Earlier this month, on 6 February, in an interview with Reuters, Kunal Bahl, the CEO of Snapdeal, predicted that the company would be profitable in two years, “I see a relatively clear line of sight to (profit)” and said that it is time to “now take control of our destiny.”
Confident words looking forward to a golden future.
And yet a mere two weeks later, Bahl had to take, what was in his own words “by far the hardest decision we have ever taken”: A sharp culling of the Snapdeal workforce with hundreds of folks losing their jobs amidst other major restructuring moves that saw the elimination of multiple “non-core” businesses within the organisation and sharp pay cuts for the CXOs starting at the top with Bahl and his co-founder Rohit Bansal taking “100% salary cuts.”
So how did things unravel so quickly for Snapdeal? If you go by what the mainstream press is saying, this was the result of Snapdeal not being able to raise the additional funding it was seeking. While there might be some merit to this, the fact that in the same Reuters interview, Bahl averred, “whatever capital we have today is largely sufficient for us” indicates that there could be deeper issues lurking beneath this simplistic reason.
In an attempt to dig deeper, The Ken interviewed several folks at Snapdeal, both current and former employees, and they painted a picture with far more colours beyond the obvious monotone of the funding issue.
In their collective opinion, Snapdeal had severe problems, both strategic and organisational, that made failure almost inevitable.
Well-timed pivots or knee-jerk pirouettes?
In his email to his team explaining the layoff, Bahl said, “We’ve had a phenomenal journey, with many well-timed pivots” but even to Snapdeal insiders, none of these moves seemed well-timed or particularly prudent.
Snapdeal made one significant pivot morphing from a site that sold coupons to an e-commerce marketplace—it is easy to forget that it was the first major e-commerce company to adopt a marketplace model rather than an inventory-led one.
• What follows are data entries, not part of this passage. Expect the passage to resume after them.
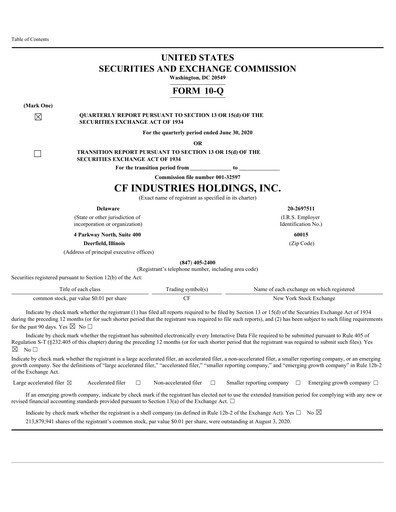 Thumbnail CF Industries
 Quarterly Report 2020-q2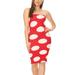 Women's Sexy Strapless Slim Fit Polka Dot Pattern Tube Top Bodycon Mini Midi Dress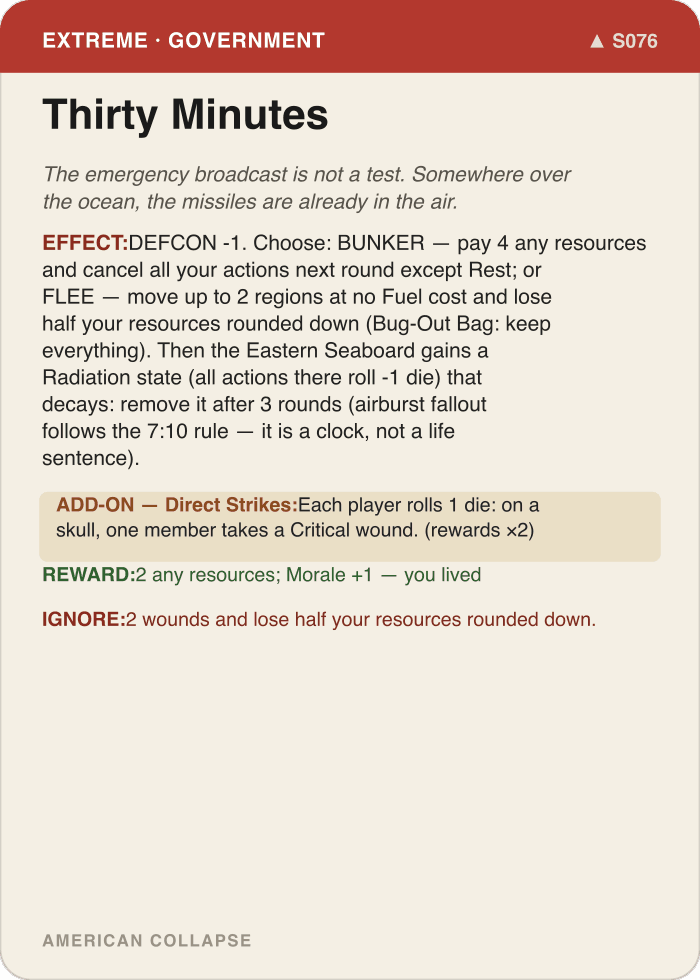 Scenario card: Thirty Minutes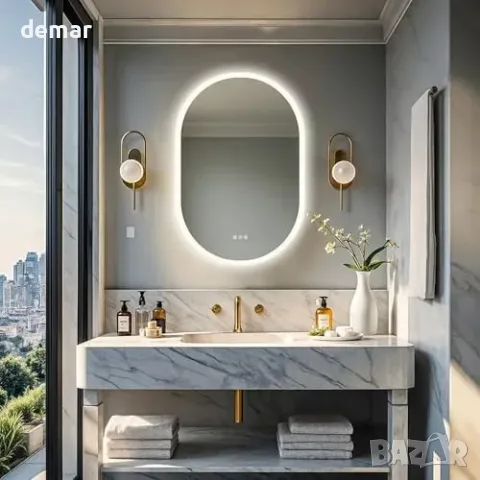 LUVODI LED огледало за баня 600x900 IP56 антифог с димер и 3 цвята, снимка 2 - Огледала - 55933521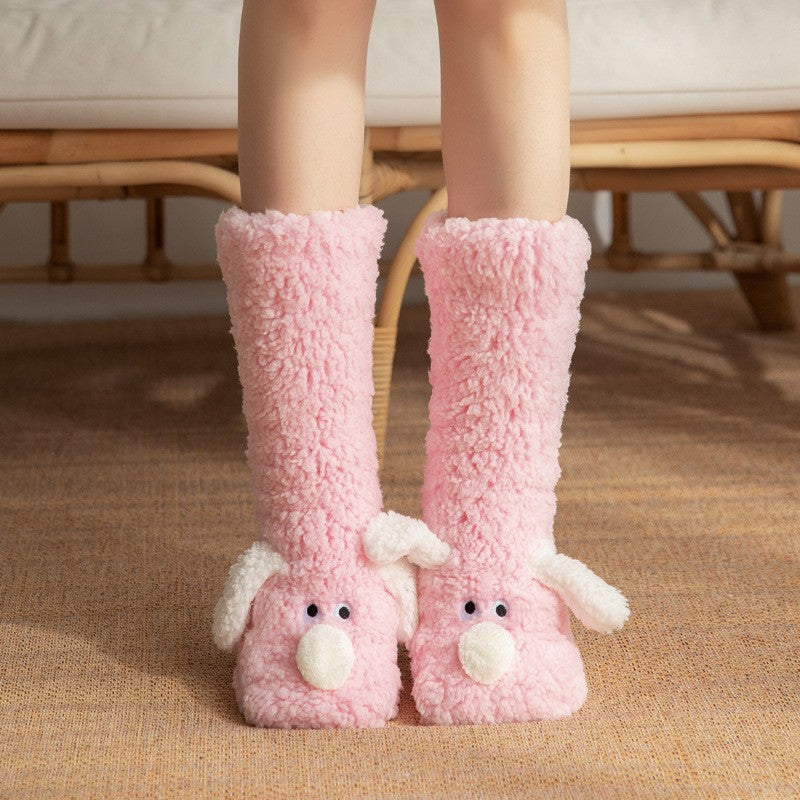 Women's Fuzzy Dog Plush Socks Pink One Size (Women)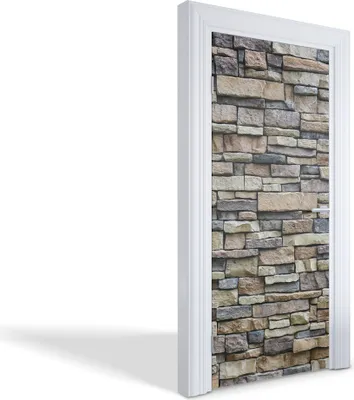 Produktbild von Türdeko Aufkleber Selbstklebende Wandsticker Personalisiert - Steinmauer - 95 x 205 cm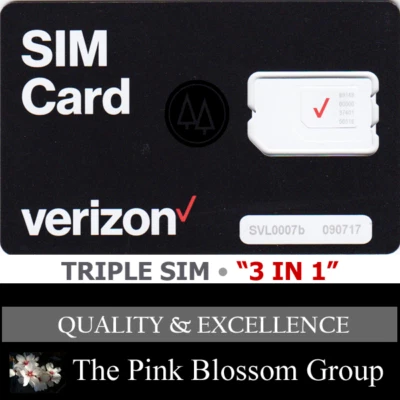 VERIZON Triple SIM CARD "3 in 1" NANO 4FF • CDMA 4G LTE • Genuine VZW NEW  - Image 1 of 3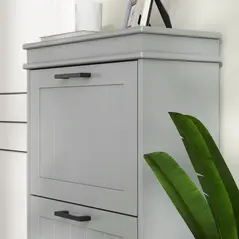 HOMCOM Three-Drawer Minimalistic Shoe Cabinet - Grey - 9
While the company hasn’t made significant changes in its core business model, it has constantly chopped and changed the business direction and broad goal.
In 2015, Bahl famously bragged that Snapdeal would beat Flipkart in GMV (Gross Merchandise Value) by the end of the fiscal year. But shortly thereafter, Bahl changed the narrative saying that a focus on GMV was passé and the company would henceforth focus on net revenue.
Now while this may seem like a pragmatic response to the bruising discounting war that was being fought between Flipkart, India’s top e-commerce company, and Amazon, the global behemoth, who saw India as its next big market, the company leadership never actually translated this external narrative to a rallying call within the company.